Capolavoro a cui James Conlon, al debutto sul palcoscenico di Piazza Castello, e i complessi del Teatro Regio di Torino rendono preziosissimo servigio. Imprimendo alla direzione un passo austero e mesto, anche quando la scrittura potrebbe favorire un’escalation ritmica più marcata – si pensi al «Cujus animam» o al «Quis est homo» –, Conlon si dimostra interessato, fin dal primo pannello sonoro, ad accentuare l’atmosfera luttuosa e cinerea in cui versa il dramma evocato dal testo liturgico, conferendo all’intera esecuzione un’aura di intimità e di smarrimento di innegabile suggestione. L’Orchestra del Teatro Regio risponde alla bacchetta del direttore statunitense con virtuosa prontezza: nelle subitanee peregrinazioni timbriche che movimentano il flessuoso manto orchestrale, negli accenti scolpiti con teatrale nettezza in un fraseggio che solenne non cede mai alle sirene dell’enfasi narrativa, Conlon affonda le colonne portanti di una concertazione di toccante intensità, condotta all’estreme conseguenza là dove dal palco si leva sontuosa la voce del Coro. Compatti e maestosi come canne d’organo, i complessi canori della fondazione sabauda, istruiti dal maestro Ulisse Trabacchin, assurgono in quest’opera a protagonisti supremi, imponendosi, specie nei momenti a cappella, per la miriade di screziature dinamiche e coloristiche che impreziosiscono il sontuoso intreccio vocale. Anche Masabane Cecilia Rangwanasha spicca per simili qualità: timbro caldo e pieno, emissione solida e controllata, il soprano africano emerge negli interventi che Poulenc dedica al solista per la beltà dello strumento che governa e la delicatezza dell’espressione che ben si sposa col taglio interpretativo pensato da Conlon.

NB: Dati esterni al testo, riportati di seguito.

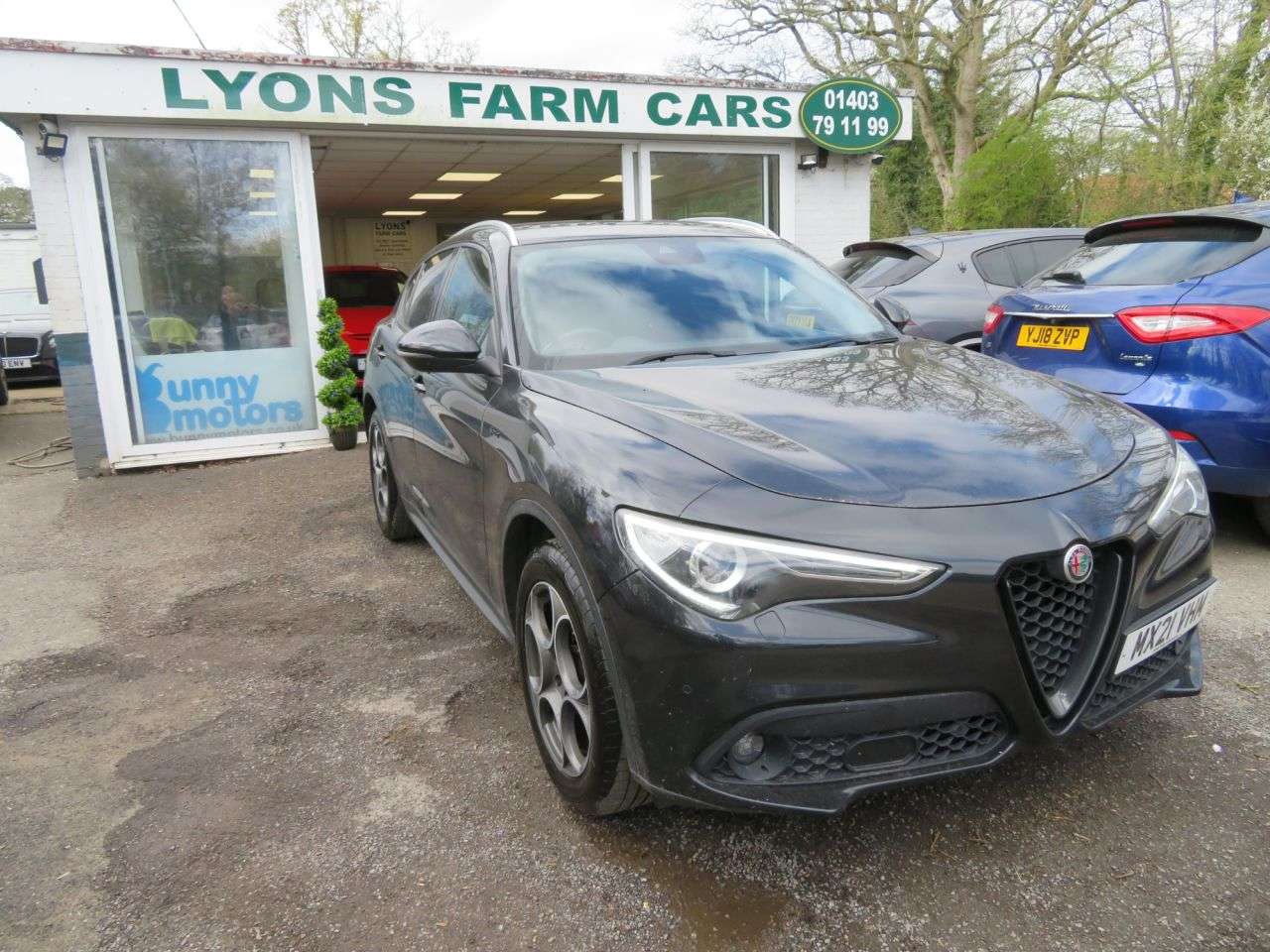 A 2021 ALFA ROMEO STELVIO 2.2 TD Sprint SUV 5dr Diesel Automatic Q4 All Wheel Drive Euro 6 (s/s) (190 A 2021 ALFA ROMEO STELVIO 2.2 TD Sprint SUV 5dr Diesel Automatic Q4 All Wheel Drive Euro 6 (s/s) (190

Sgomberato il palcoscenico dalle ugole, la seconda parte del concerto è dedicata alla rara Sinfonia in re minore di César Franck. La struttura tripartita, che sostituisce il consueto schema in quattro movimenti, e l’impiego del ciclo tematico, con il ritorno e la trasformazione dei motivi principali lungo tutto l’arco dell’opera, riflettono l’influenza di modelli tedeschi come Beethoven e Liszt. La scrittura orchestrale, densa e cromaticamente ricca, dipinge un universo sonoro che oscilla tra drammaticità e solennità, con aperture liriche di grande fascino e slanci eroici.

In questo contesto, James Conlon adotta un approccio energico e incisivo, enfatizzando con pathos i momenti di massima tensione del Lento – Allegro non troppo iniziale, dove l’alternanza tra il fuoco e le oasi di rarefatta tranquillità generano un moto emotivo di sicura presa. Già in queste contrapposizioni, il direttore lascia intravedere quella leggerezza e luminosità che pervaderanno l’Allegretto in seconda posizione, reso con estrema finezza stilistica. Notevole, in particolare, la cura dedicata alla sezione centrale, dove il gioco contrappuntistico emerge come un delicato ricamo orchestrale, a testimonianza della sintonia tra podio e orchestra. Con l’Allegro non troppo conclusivo Conlon ritrova lo slancio inziale, muovendosi con continuità e morbidezza tra gli episodi climatici che affastellano il movimento finale. Il lavoro sull’equilibrio sonoro tra le diverse sezioni orchestrali risulta impeccabile: le corde, ampie e avvolgenti, si sposano armoniosamente con i colori bruniti degli ottoni e le linee serpeggianti dei legni, creando un amalgama ricco di sfumature che con eleganza e souplesse conduce all’esultante parentesi conclusiva.

I fiori generosamente offerti dalla Signora Rita – qui al Regio un’istituzione, de facto, per quel tocco sciantoso che rende speciale ogni prima – e gli applausi di una sala festante decretano, meritatamente, il successo della serata.